We appreciate the fact that large parts of the community don’t have English as their mother tongue. We try our best to understand others - automatic translators might help.

Expectations

The community can expect the following:

  • The benevolent dictator tries their best to make decisions from which the overall community profits. The benevolent dictator is aware that his/her decisons can shape the overall community. Once the benevolent dictator notices that she/he doesn’t have the time to advance PyPDF2, he/she looks for a new benevolent dictator. As it is expected that the benevolent dictator will step down at some point of their choice (hopefully before their death), it is NOT a benevolent dictator for life (BDFL).

  • Every maintainer (including the benevolent dictator) is aware of their permissions and the harm they could do. They value security and ensure that the project is not harmed. They give their technical permissions back if they don’t need them any longer. Any long-time contributor can become a maintainer. Maintainers can - and should! - step down from their role when they realize that they can no longer commit that time. Their contribution will be honored in the History of PyPDF2.

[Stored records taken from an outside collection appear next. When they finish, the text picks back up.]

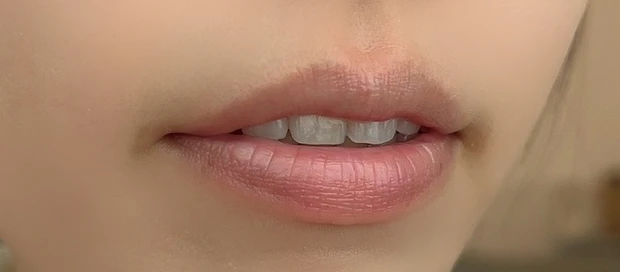 ぽってり唇　オーバーリップ　メイク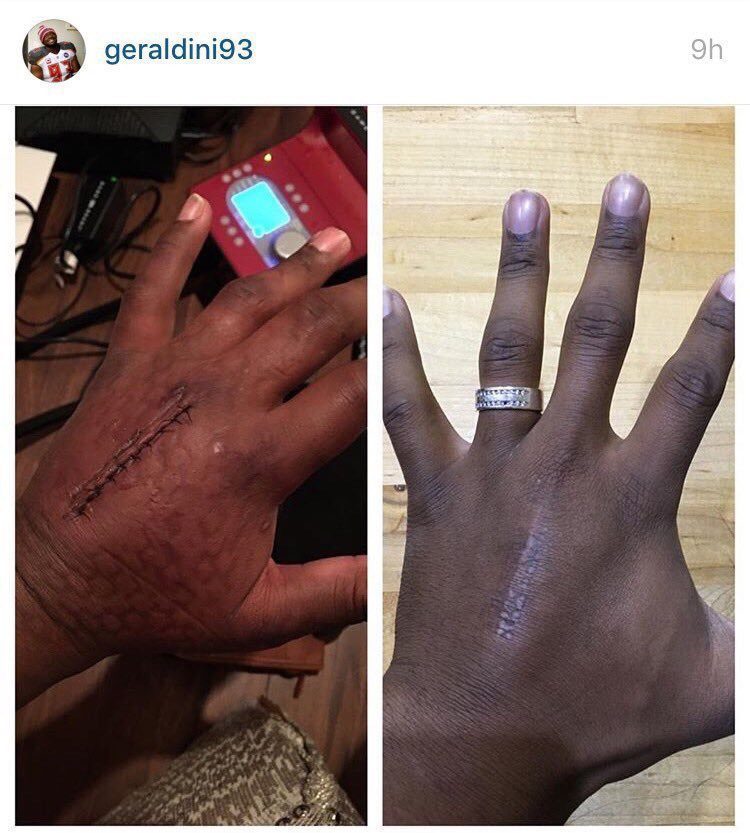 Gerald McCoy posted this gruesome photo of his hand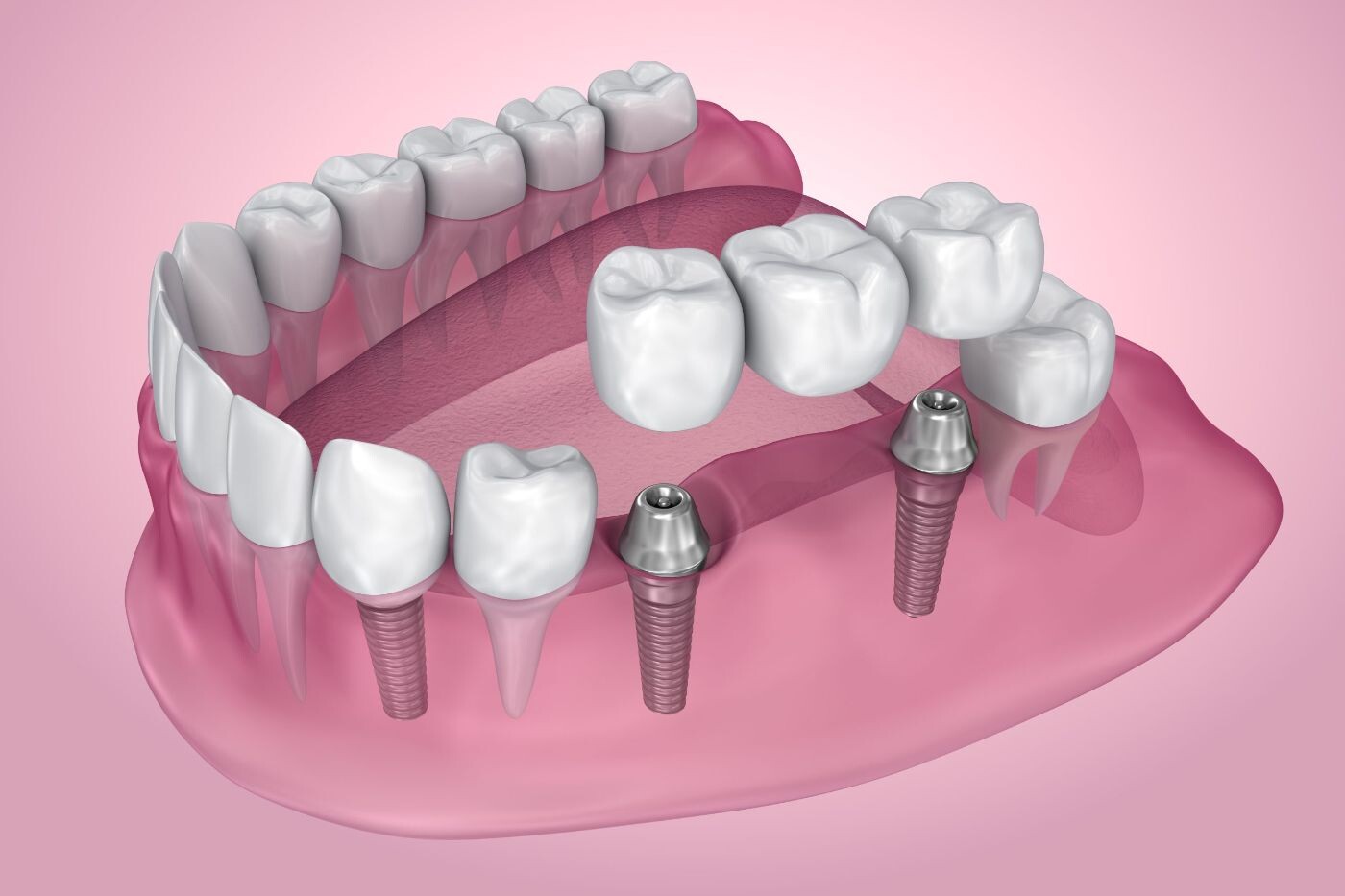What’s the Difference Between Dental Bridges and Implants in Montclair episode artwork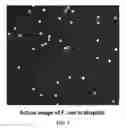 Fig. 06 - Compositions and methods for disease diagnosis using single cell analysis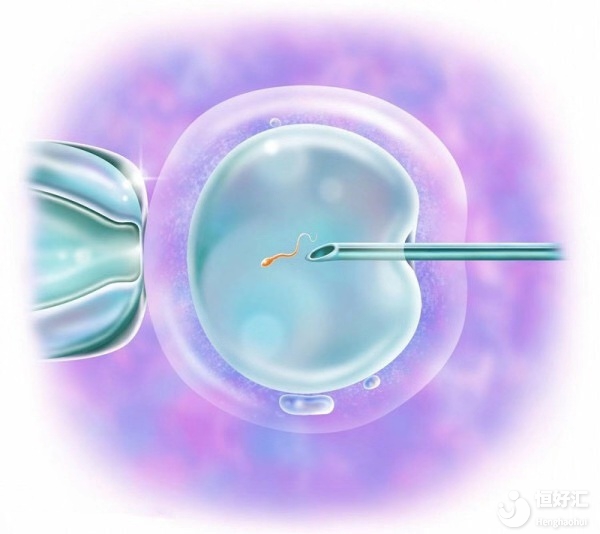 第二代試管技術(shù)的成功率高嗎？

  • Every contributor is aware that the time of maintainers and the benevolent dictator is limited. Short pull requests that briefly describe the solved issue and have a unit test have a higher chance to get merged soon - simply because it’s easier for maintainers to see that the contribution will not harm the overall project. Their contributions are documented in the git history and in the public issues. Let us know if you would appriciate something else!

  • Every community member uses a respectful language. We are all human, we get upset about things we care and other things than what’s visible on the internet go on in our live. PyPDF2 does not pay its contributors - keep all of that in mind when you interact with others. We are here because we want to help others.

Issues and Discussions

An issue is any technical description that aims at bringing PyPDF2 forward:

  • Bugs tickets: Something went wrong because PyPDF2 developers made a mistake.

  • Feature requests: PyPDF2 does not support all features of the PDF specifications. There are certainly also convenience methods that would help users a lot.

  • Robustness requests: There are many broken PDFs around. In some cases, we can deal with that. It’s kind of a mixture between a bug ticket and a feature request.

  • Performance tickets: PyPDF2 could be faster - let us know about your specific scenario.

Any comment that is in those technial descriptions which is not helping the discussion can be deleted. This is especially true for “me too” comments on bugs or “bump” comments for desired features. People can express this with 👍 / 👎 reactions.

Discussions are open. No comments will be deleted there - except if they are clearly unrelated spam or only try to insult people (luckily, the community was very respectful so far 🤞)

Releases

The maintainers follow semantic versioning. Most importantly, that means that breaking changes will have a major version bump.

Be aware that unintentional breaking changes might still happen. The PyPDF2 maintainers do their best to fix that in a timely manner - please report such issues!

People

  • Martin Thoma is benevolent dictator since April 2022.

  • Maintainers:

    • Matthew Stamy (mstamy2) was the benevolent dictator for a long time. He still is around on Github once in a while and has permissions on PyPI and Github.

    • Matthew Peveler (MasterOdin) is a maintainer on Github.